MacMillan Reading Room, John Carter Brown Library, 94 George Street
When does Amazonian history begin? Certainly not with Francisco Pizarro or other European “conquistadors” that began to traverse the vast interiors of South America in the early sixteenth century. Recent research by Amazonian archaeologists has demonstrated the existence of indigenous populations in the Amazon stretching back millennia, with sophisticated urban structures and dynamic relationships with their tropical surroundings. Anthropologists have demonstrated that Amerindian communities in Amazonia have their own temporal framework for recounting historical events, as well as intricate worldviews that differ radically from Western ontological notiobs. So what contributions can early modern Amazonian history – a period roughly from 1500-1800 – make to the indigenous history of this region? A discussion with some of the world’s leading experts on Amazonian anthropology, archaeology, and history will shed light on the early modern Amazon and its indigenous histories.

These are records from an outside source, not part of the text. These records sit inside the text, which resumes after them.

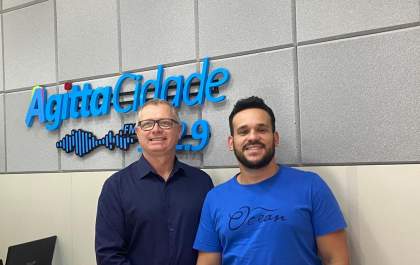 Apresentadores e convidados celebram o marco de 100 edições do programa 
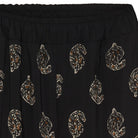 Marta du Chateau Grethe pant black faded 1941tps - Online - Mode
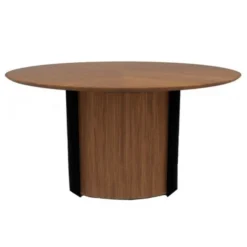 Stół Yoroi 140 Cm Orzech Canaletto Calligaris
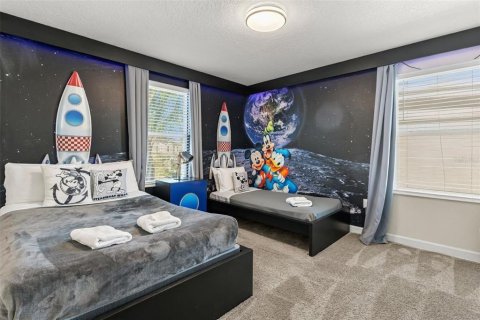 Villa ou maison à vendre à Davenport, Floride: 9 chambres, 363.15 m2 № 2430707 - photo 19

Participants include Karl Heinz Arenz (Universidade Federal do Pará & JCB Collaborative Fellow) Rafael Chambouleyron (Universidade Federal do Pará & JCB Collaborative Fellow) Carlos Fausto (Museu Nacional/UFRJ, Brazil) Eduardo Neves (University of São Paulo/Harvard University) Marcy Norton (George Washington University & JCB Long-Term Fellow) Heather Roller (Colgate University) Neil Safier (John Carter Brown Library).
4 – 5:30 p.m.: Roundtable discussion with Karl Heinz Arenz, Rafael Chambouleyron, Carlos Fausto, Eduardo Neves, and Marcy Norton.
5:30 – 6:30 p.m.: Lecture and Book Presentation: “Amazonian Routes: Indigenous Mobility and Colonial Communities in Northern Brazil,” Stanford University Press, 2014, Heather F. Roller. Comments by Rafael Chambouleyron and Neil Safier.
Co-sponsored by the John Carter Brown Library and the Brazil Initiative.